## [WORK INSTRUCTIONS]
Below are records; please write out exactly the lines from the first line through the line containing "SWEET TREND Nagelaufkleber, 2", with no pictures.

****

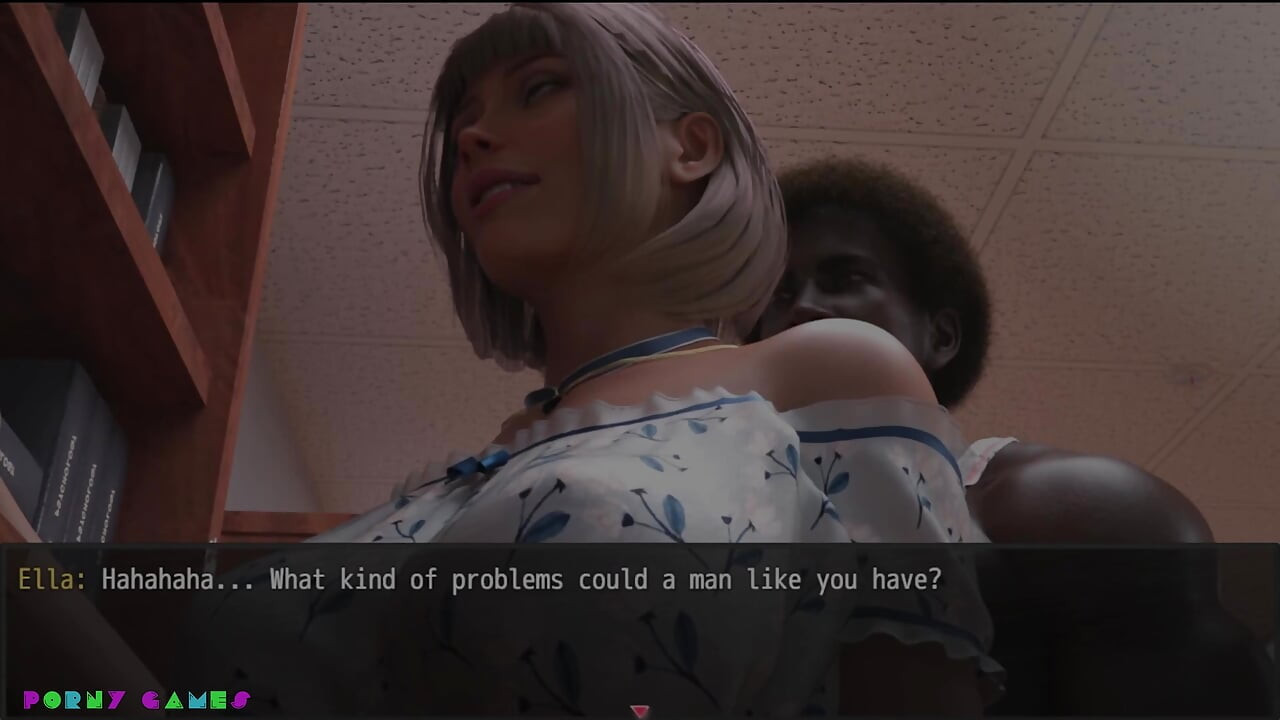 Shadows of Desire by Shamandev - BBC Bull Uprawianie seksu w bibliotece z seksowną gorącą nauczycielką 3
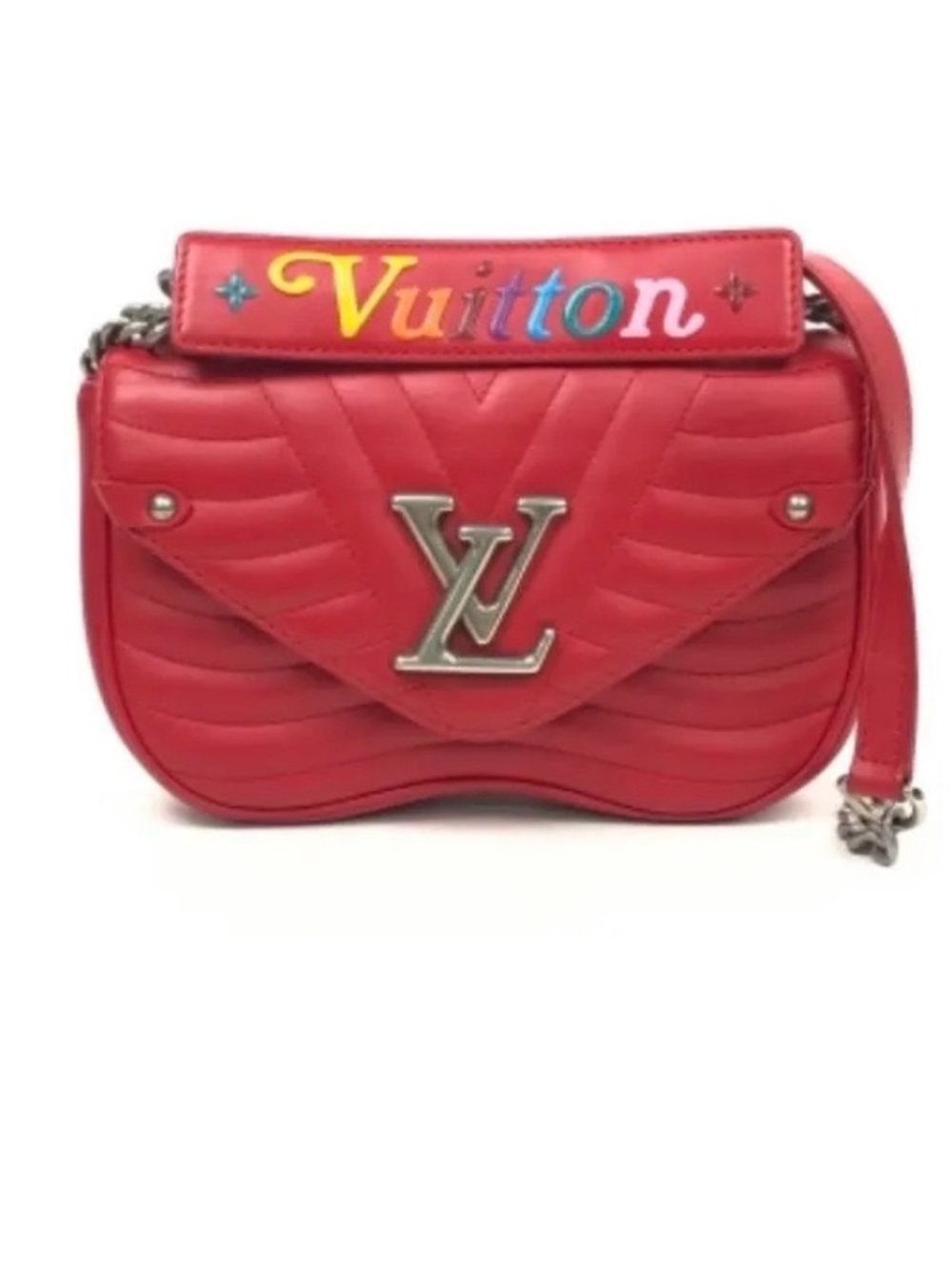 LOUIS VUITTON NEW WAVE BAG- RED LEATHER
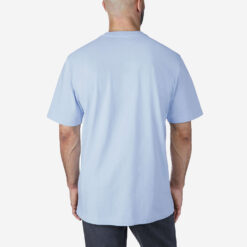 Carhartt Heavy S/S C Graphic T-Shirt – FOG BLUE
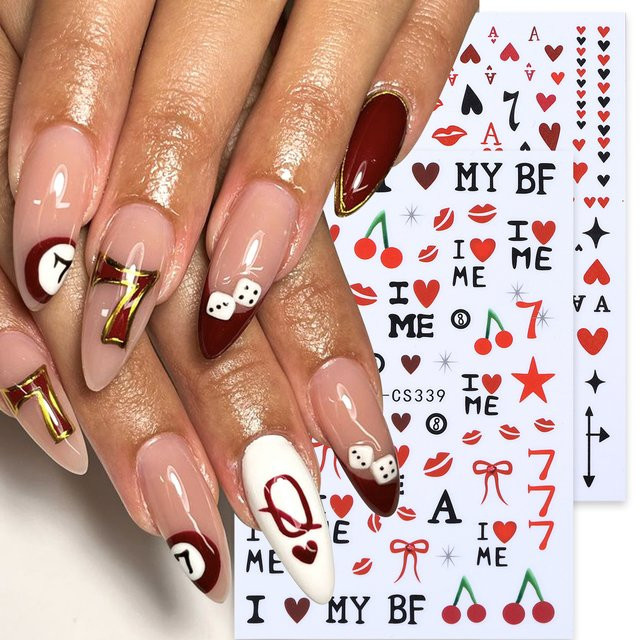 SWEET TREND Nagelaufkleber, 2 Stück, Unisex - Bild 1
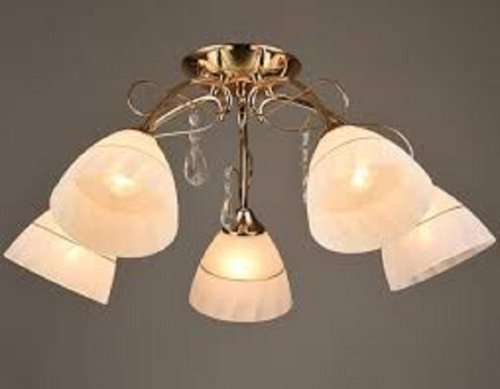 Люстра потолочная пятирожковая Мелодия Света Е27 Золото P9934/5 картинка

****

## [RESULT FOR THIS EXERCISE]
 Shadows of Desire by Shamandev - BBC Bull Uprawianie seksu w bibliotece z seksowną gorącą nauczycielką 3
 LOUIS VUITTON NEW WAVE BAG- RED LEATHER
 Carhartt Heavy S/S C Graphic T-Shirt – FOG BLUE
 SWEET TREND Nagelaufkleber, 2 Stück, Unisex - Bild 1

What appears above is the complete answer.